The White House has delivered its first remarks on the controversy surrounding the ongoing investigation of Hillary Clinton’s emails, saying it will not “defend or criticise” FBI director James Comey.
Press secretary Josh Earnest said the White House had not been briefed on Mr Comey’s decision last week to investigate new emails that were "pertinent" to Ms Clinton’s alleged misuse of her personal email server when she was secretary of state.
"I can neither defend nor criticise what director Comey has decided to communicate about the investigation to the public," said Mr Earnest, adding the White House would not be making recommendations to the FBI.
"I don’t have any independent knowledge of how those decisions were made or the factors that were considered, dating back to July," Mr Earnest told reporters.
The original investigation into Ms Clinton's emails did not recommend charges against Ms Clinton and was closed in July.
The new emails, discovered in October, reportedly linked to the investigation of disgraced former congressman, Anthony Wiener, and former husband to top Clinton aide Huma Abedin.
Since the surprise announcement of the FBI last week, Mr Comey has faced growing respect among Republicans and growing anger from Democrats.
The Clinton campaign, including the democratic nominee, has called publicly for Mr Comey to reveal the full details behind his decision to clear up any whiff of controversy before the election.
Yet Mr Earnest insisted that president Barack Obama’s opinion of director Comey had not changed, and he still thought him someone of "principle" and "integrity" who had served under former president George W Bush and who had received bipartisan support.
"The president’s assessment of his [Comey's] integrity and his character has not changed.
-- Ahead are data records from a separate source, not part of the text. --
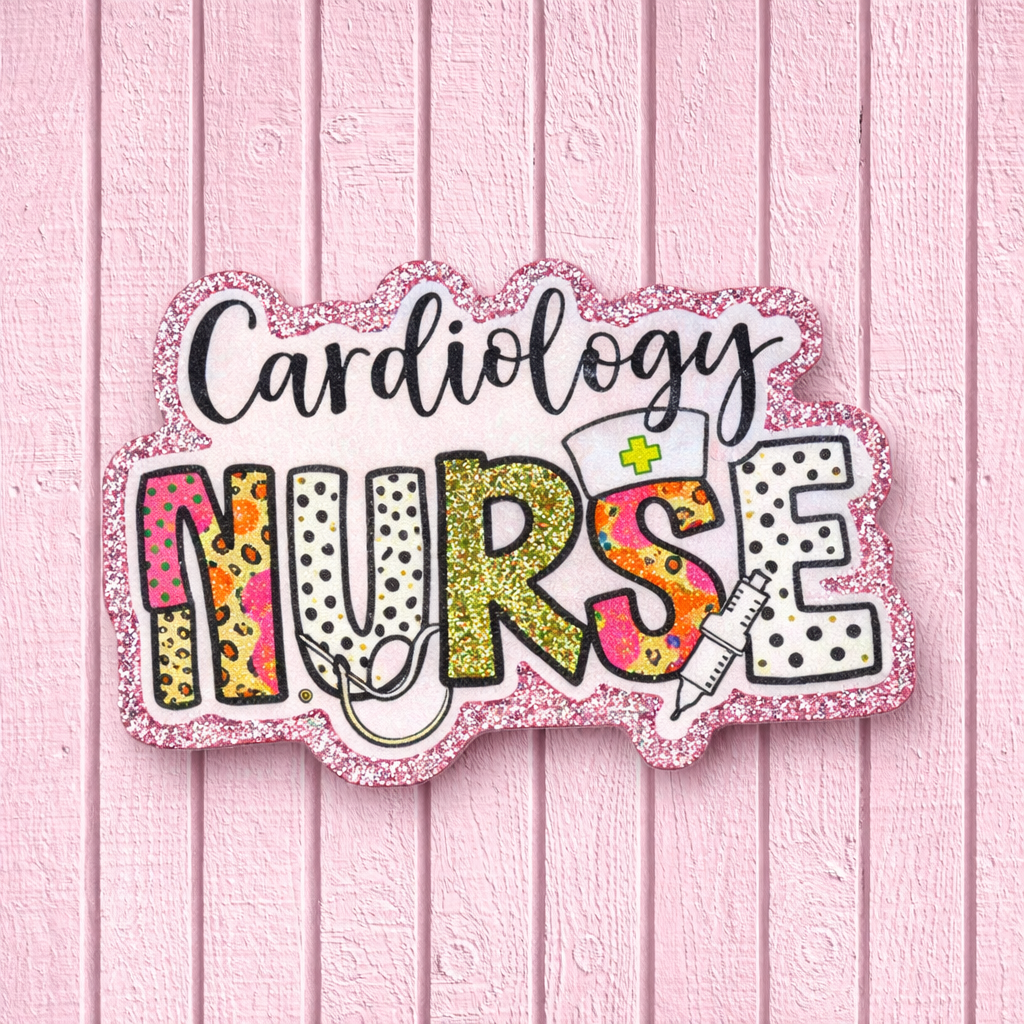 Cardiology Nurse Badge Reel – Heart Nurse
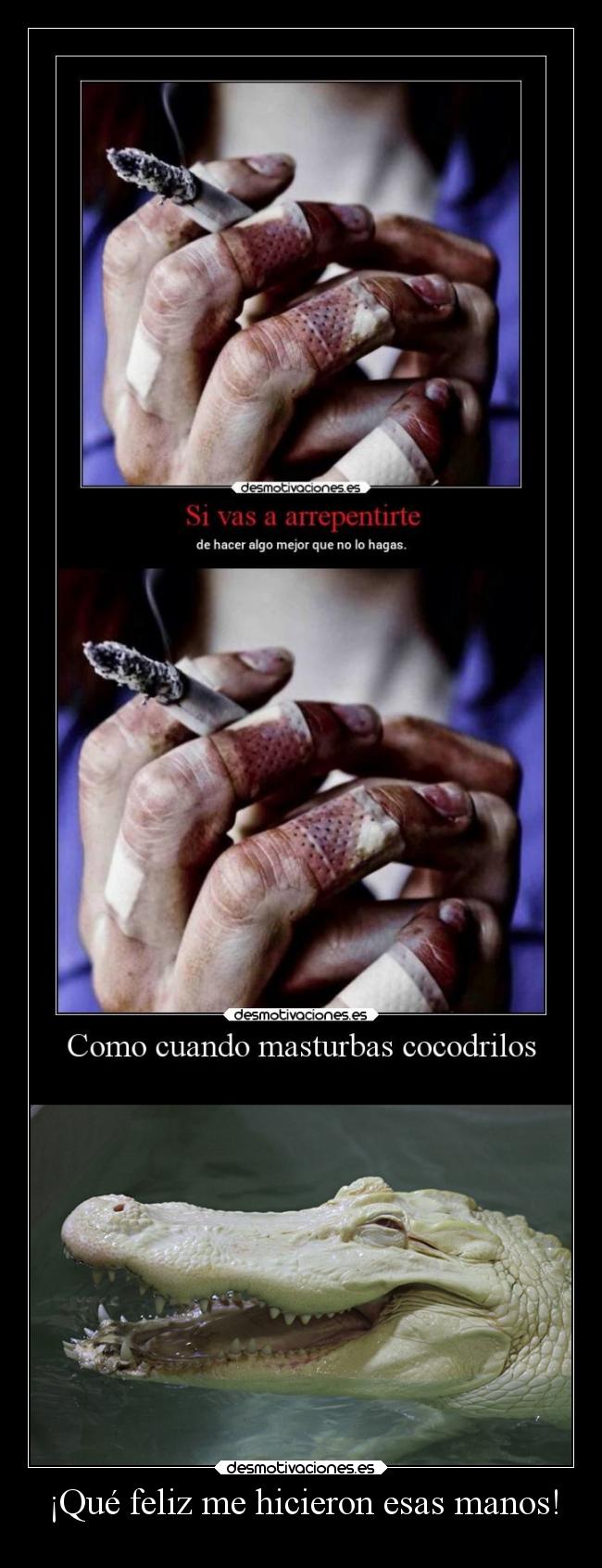 ¡Qué feliz me hicieron esas manos! - 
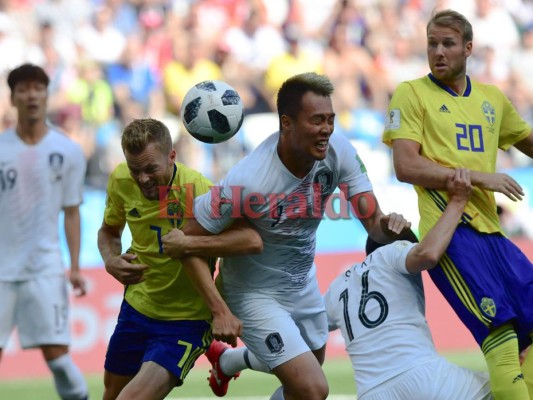 Rusia 2018: Suecia gana 1-0 a Corea del Sur y se codea con México en la cima del Grupo F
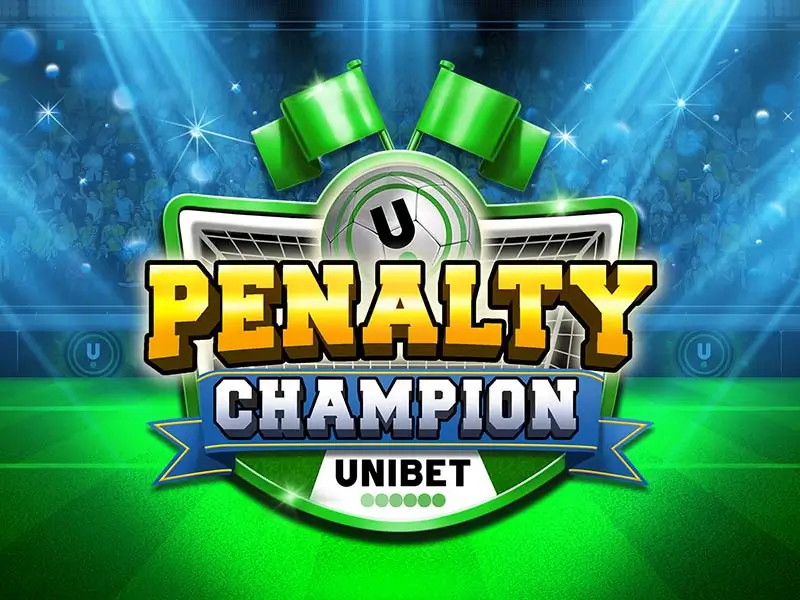 Penalty Champion - Jogo instantâneo de pênaltis com tema esportivo.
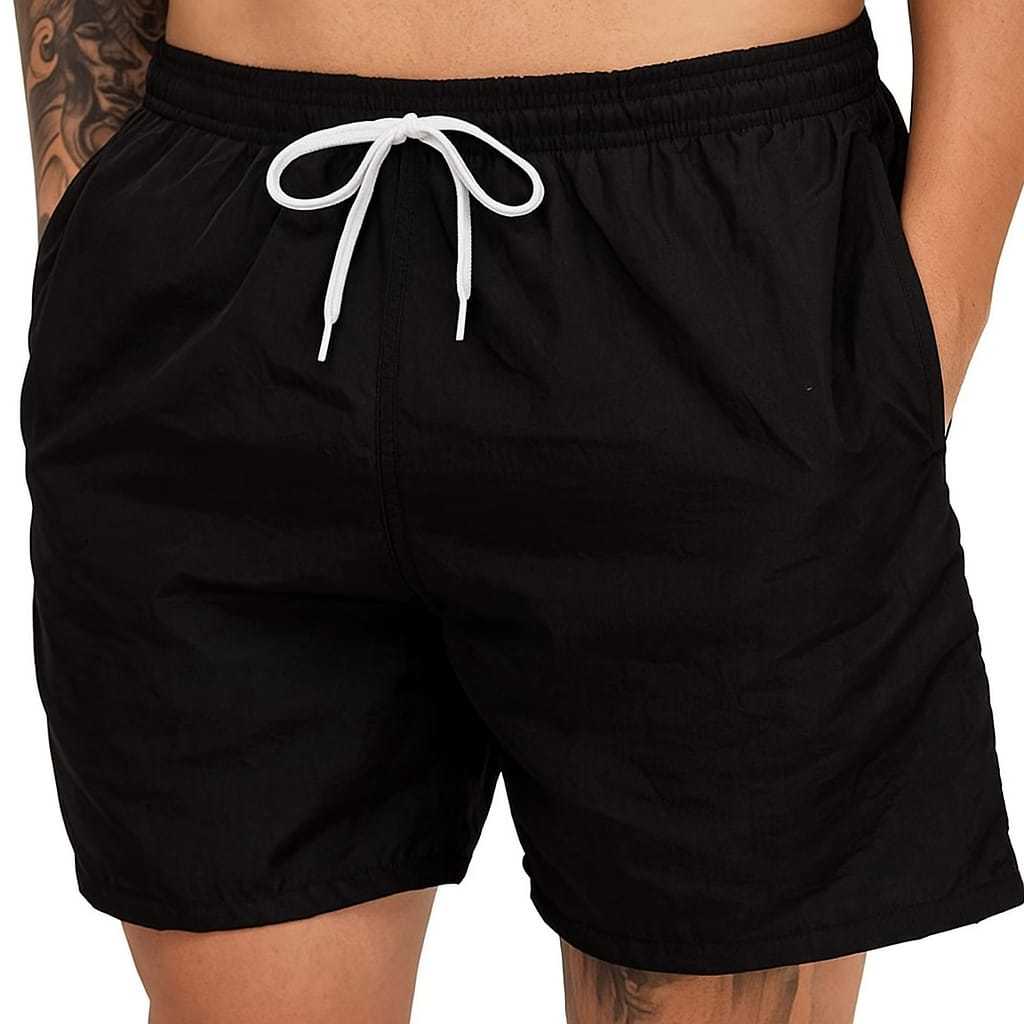 Short Praia Tectel Masculina 3 Bolsos Musculação Corrida Bermuda Academia Lisa Confortável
For example, the president doesn’t believe that director Comey is deliberately trying to influence the election."
Donald Trump said he had "respect" for the director and that it took "guts" to wade back into the investigation.
The news of a possible second investigation into whether Ms Clinton sent and received top secret and classified information outside of a secured government server has sparked further debate before the election, and has been jumped on by Republicans.
Mr Earnest said that, normally, Department of Justice and FBI investigations did not involve such a large public discussion and there was "a variety of good reasons for that", one being that "congress is not impartial".